05 November 2007

NaNoWrimo, Day 4: Work in the Face of Adversity

I had such high hopes for today: a relatively free schedule, a supportive family willing to let me go for some time this afternoon, and a real desire to get to the next section of the novel.

The one commitment on the schedule today was a birthday brunch celebration for my mother-in-law. This promised to be a joyous occasion with family and friends, with great food and conversation. Perhaps there might even be some inspiration for the novel!

Alas, the enjoyment of the afternoon was almost undone by a restaurant's terrible service. Due to a long wait for a table and a much, much longer wait for the food that we ordered, not to mention terrible communication by the waitstaff, we did not escape the restaurant until three hours after our arrival. Besides leaving a slightly bad taste in our mouths, the extended brunch ended up meaning that there would be no time for me to escape the house and write today.

But this turn of events was not the really devastating event of the day.
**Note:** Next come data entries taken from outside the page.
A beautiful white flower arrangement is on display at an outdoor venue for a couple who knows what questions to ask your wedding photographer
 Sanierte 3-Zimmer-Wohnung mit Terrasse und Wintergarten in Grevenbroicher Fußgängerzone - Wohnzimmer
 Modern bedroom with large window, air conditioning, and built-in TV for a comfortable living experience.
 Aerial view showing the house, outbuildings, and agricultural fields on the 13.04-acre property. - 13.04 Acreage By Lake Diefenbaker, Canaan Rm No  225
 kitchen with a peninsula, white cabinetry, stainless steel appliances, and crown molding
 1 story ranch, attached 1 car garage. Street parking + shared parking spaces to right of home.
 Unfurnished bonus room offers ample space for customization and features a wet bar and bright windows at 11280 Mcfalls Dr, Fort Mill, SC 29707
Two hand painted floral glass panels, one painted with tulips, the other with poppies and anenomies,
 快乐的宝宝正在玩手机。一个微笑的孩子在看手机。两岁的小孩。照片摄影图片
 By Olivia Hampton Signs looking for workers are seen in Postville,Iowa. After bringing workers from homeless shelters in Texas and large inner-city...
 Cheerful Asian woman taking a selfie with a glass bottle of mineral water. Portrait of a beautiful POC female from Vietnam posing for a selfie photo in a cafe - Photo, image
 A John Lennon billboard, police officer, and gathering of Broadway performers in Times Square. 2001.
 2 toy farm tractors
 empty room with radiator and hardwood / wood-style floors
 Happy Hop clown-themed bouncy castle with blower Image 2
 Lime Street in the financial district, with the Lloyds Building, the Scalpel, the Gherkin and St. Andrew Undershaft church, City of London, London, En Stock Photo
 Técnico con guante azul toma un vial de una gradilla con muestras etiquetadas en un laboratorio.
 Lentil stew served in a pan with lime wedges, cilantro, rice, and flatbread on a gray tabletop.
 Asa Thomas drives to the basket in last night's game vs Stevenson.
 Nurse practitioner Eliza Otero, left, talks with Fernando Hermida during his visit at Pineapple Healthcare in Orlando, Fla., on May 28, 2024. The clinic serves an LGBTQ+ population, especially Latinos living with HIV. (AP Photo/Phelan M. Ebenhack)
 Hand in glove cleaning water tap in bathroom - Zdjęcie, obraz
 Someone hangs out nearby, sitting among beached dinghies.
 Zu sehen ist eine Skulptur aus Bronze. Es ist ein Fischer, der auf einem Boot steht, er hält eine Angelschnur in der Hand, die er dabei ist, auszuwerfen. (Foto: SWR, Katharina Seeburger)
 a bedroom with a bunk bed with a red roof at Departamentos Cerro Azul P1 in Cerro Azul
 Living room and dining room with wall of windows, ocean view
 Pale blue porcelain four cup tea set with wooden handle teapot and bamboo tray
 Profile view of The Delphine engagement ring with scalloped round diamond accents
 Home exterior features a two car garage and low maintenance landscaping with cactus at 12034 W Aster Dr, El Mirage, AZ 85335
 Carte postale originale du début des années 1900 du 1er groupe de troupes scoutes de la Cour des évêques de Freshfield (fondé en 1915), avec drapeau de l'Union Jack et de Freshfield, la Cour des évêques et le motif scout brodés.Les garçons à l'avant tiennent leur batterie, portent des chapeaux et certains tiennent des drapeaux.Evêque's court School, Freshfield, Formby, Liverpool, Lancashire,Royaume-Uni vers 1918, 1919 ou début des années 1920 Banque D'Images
Since late September, I have been carrying a small spiralbound notebook with me, used exclusively for the purpose of capturing my random neural firings about this book. Over the course of that month — and especially in the week before November 1st — I had worked out character sketches on five main characters, mapped out many scenes and "moments" that I knew had to happen, and — most importantly — laid out the foundations for the backstory on which the whole novel is carried.

And after searching in every place I can possibly imagine (including a latenight trip to my workplace to ransack my office), I am sad to announce that this book of ideas is lost.

It's hard to describe how debilitating this has been to my psyche. Tonight was the night my writing would begin to reinvent an ancient, worldwide tradition. My map to this reinvention was in the pages of this book. Without it, I found myself moping, even resisting beginning to write.

I will forge on. And I will continue to look for the missing notebook. But it's hard to shake the feeling that important pieces to this puzzle have been permanently lost. My writing tonight — a letter from my main character's mother — was the most importan section I've written so far, and it felt very uninspired. It's hard to tell if the writing is really that weak or if everything right now is colored by my darkened state of mind.

Let us hope the notebook makes a reappearance soon. And that Day 5 is more positive than the mess that was today.